= WHAT TO DO =
Take the records below and set down exactly the lines from the one with "Diffusé le 21/08" to the one with "Apartament 3 camere", ends included; do not copy the pictures.

= DATA SUPPLIED =
● ● ●

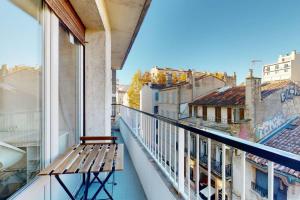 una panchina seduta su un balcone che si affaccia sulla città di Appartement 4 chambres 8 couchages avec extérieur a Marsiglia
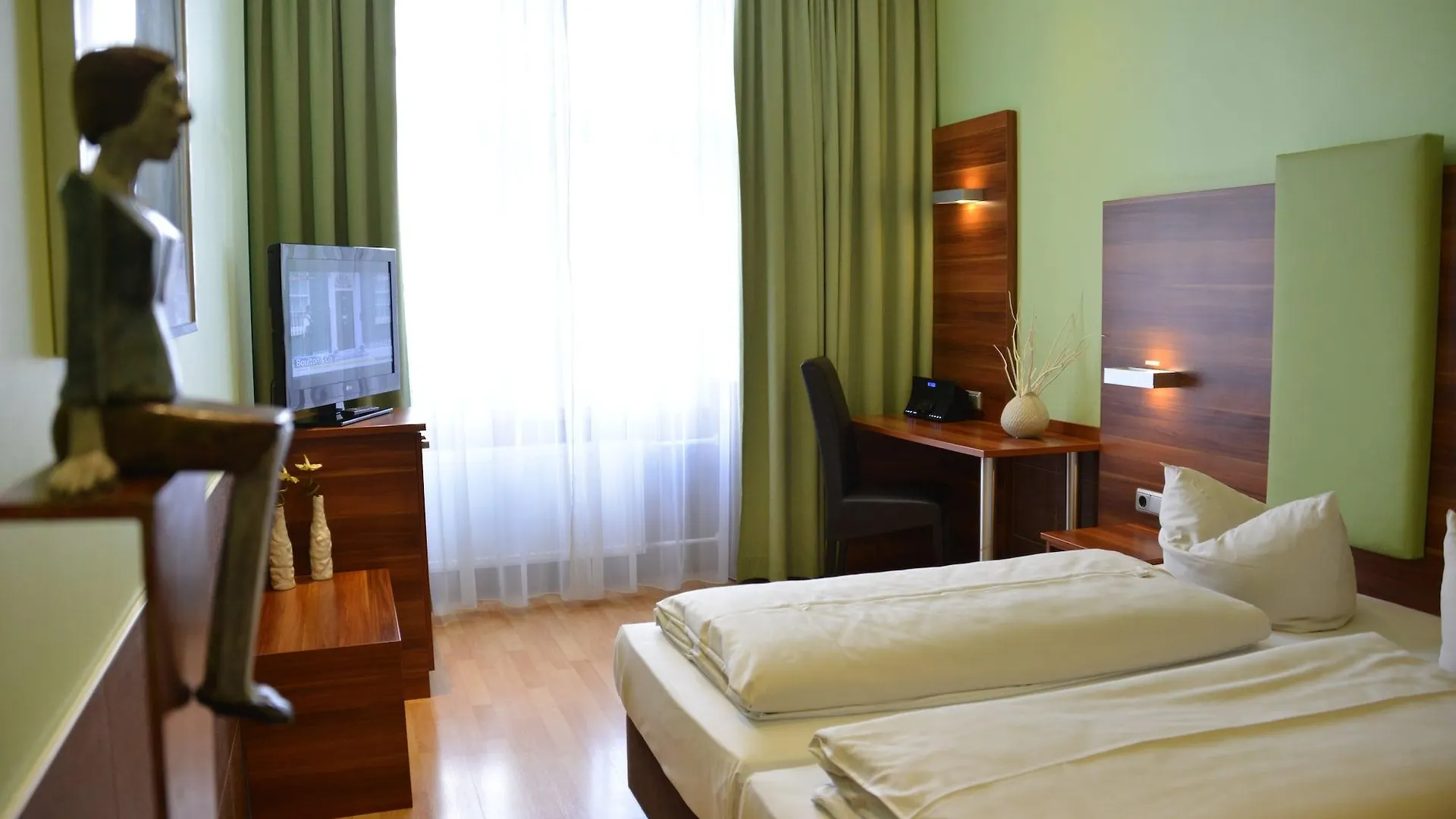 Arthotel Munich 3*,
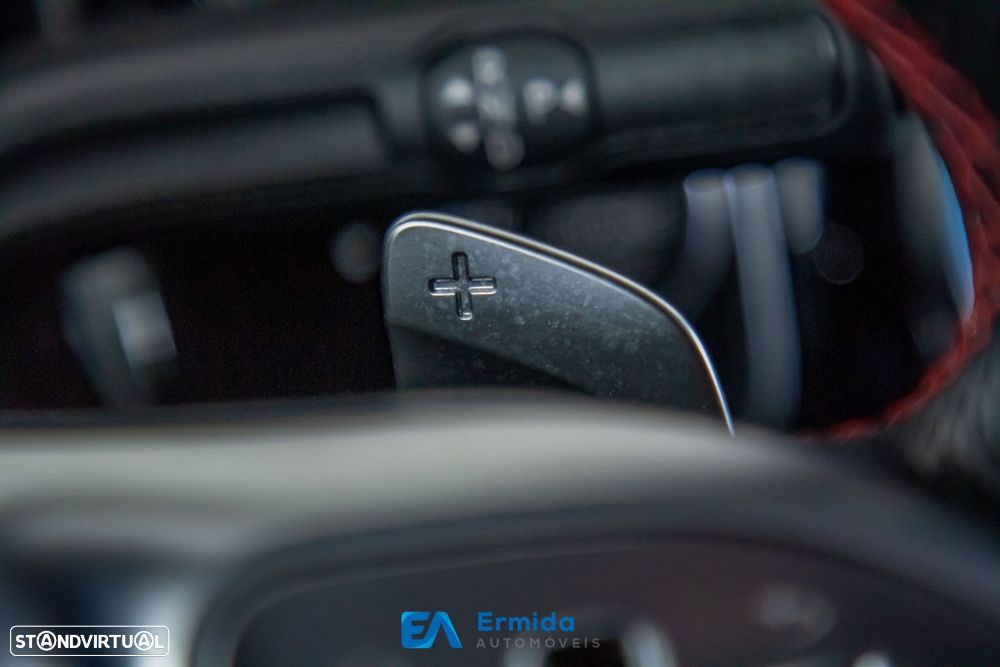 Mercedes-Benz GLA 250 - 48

● ● ●

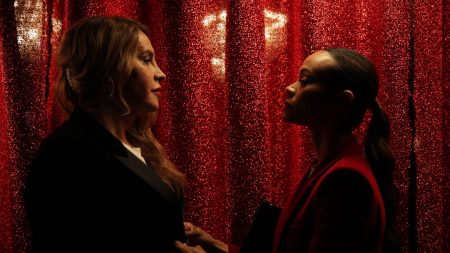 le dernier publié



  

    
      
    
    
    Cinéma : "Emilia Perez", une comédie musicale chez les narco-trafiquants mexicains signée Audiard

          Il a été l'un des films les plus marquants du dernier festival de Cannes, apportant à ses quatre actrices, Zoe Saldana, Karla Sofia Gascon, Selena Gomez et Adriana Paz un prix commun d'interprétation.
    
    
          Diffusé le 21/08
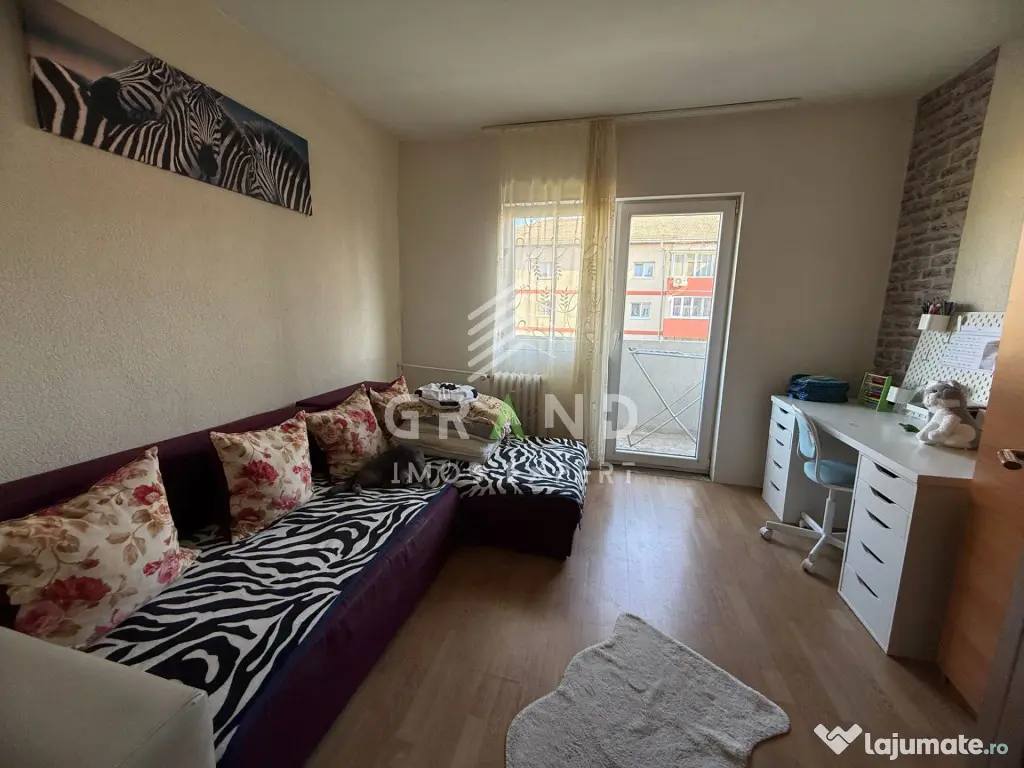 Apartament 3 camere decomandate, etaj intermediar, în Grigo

● ● ●

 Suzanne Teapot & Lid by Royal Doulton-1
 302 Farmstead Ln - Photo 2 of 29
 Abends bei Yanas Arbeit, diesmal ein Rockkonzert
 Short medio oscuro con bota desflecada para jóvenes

● ● ●

= REPLY TO THE EXERCISE =
          Diffusé le 21/08
 Apartament 3 camere decomandate, etaj intermediar, în Grigo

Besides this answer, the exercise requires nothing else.